By David Sokol
Although it is one of the world’s most cosmopolitan cities, Melbourne has been slow to the farm-to-table movement. Only a handful of high-end restaurants source from the surrounding Gippsland region, and even then, these products are incorporated in European and Asian dishes. In downtown Melbourne, Farmer’s Daughters restaurant celebrates the farms, cuisine, and—thanks to a design by the young Australian studio Agents of Architecture (AOA)—landscape of Gippsland.
Farmer’s Daughters occupies a three-story, wedge-shaped building within the newly completed 80 Collins Street redevelopment designed by Woods Bagot. AOA cofounder Emma Seeley explains that project team had originally envisioned the structure as a ground-floor, double-height shop whose rooftop would be accessible from an adjacent skyscraper. Yet because Chef Alejandro Saravia tapped AOA in October 2018, before the shell was completed, “We could adapt this space for hospitality use, which involved infilling the mezzanine for seating and providing significant input into mechanical-services layouts that had been conceived to retail standards,” says Seeley’s cofounder and husband Luke Hickman. Over the next year, the studio finalized a design and dovetailed that 4,750-square-foot scheme into the landlord’s base build.
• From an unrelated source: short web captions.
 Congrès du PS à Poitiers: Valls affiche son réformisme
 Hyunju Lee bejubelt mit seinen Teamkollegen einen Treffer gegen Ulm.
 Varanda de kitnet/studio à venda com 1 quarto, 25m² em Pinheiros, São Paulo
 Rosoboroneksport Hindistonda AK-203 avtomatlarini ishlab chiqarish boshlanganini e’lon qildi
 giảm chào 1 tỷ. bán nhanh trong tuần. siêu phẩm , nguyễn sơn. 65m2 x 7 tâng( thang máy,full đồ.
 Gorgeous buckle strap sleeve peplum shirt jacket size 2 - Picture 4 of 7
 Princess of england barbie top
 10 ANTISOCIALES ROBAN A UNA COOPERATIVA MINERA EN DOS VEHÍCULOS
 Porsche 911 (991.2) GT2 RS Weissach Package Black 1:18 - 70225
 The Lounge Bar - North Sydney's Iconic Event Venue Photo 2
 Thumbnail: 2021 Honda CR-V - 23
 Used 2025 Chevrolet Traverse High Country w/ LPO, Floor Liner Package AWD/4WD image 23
While AOA was adapting a retail building to the high-traffic, harder-wearing realities of hospitality, it determined open kitchens would provide the spiritual bridge between restaurant guests and Gippsland. On the ground floor, which combines casual table service with deli and merchandise stations, an open kitchen bounded by a mosaic–finished bar transforms ingredient selection and preparation into theater. Directly upstairs, in the mezzanine-turned-dining room, AOA likened the open kitchen to a campfire from which multiple tasting courses emerge. This kitchen is also enveloped by a bar, although the fluted, reclaimed-timber centerpiece is emblematic of AOA’s overall approach to the second floor: to embody the regional colors and materials with more refinement than found in the streetfront interior. The rooftop, which Farmer’s Daughters operates as a lounge, “allows customers to finish their visit with an aperitif while allowing for the lower-floor tables to be turned over,” Hickman says. And while “our driving idea was to create a continuous experience up multiple stories,” the rooftop environment does represent a significant departure from the interiors below. The terrace perimeter features steel scaffolding that is punctuated with plants, including herbs harvested by Saravia’s team. Banded tile and stainless steel wrap the bar, which also sprouts cocktail stations and beer taps. Wood finishes and eucalyptus hues unite this space with the others, but the lounge gives off a rustic vibe that, as Seeley puts it, “provides natural relief from the intense city context.”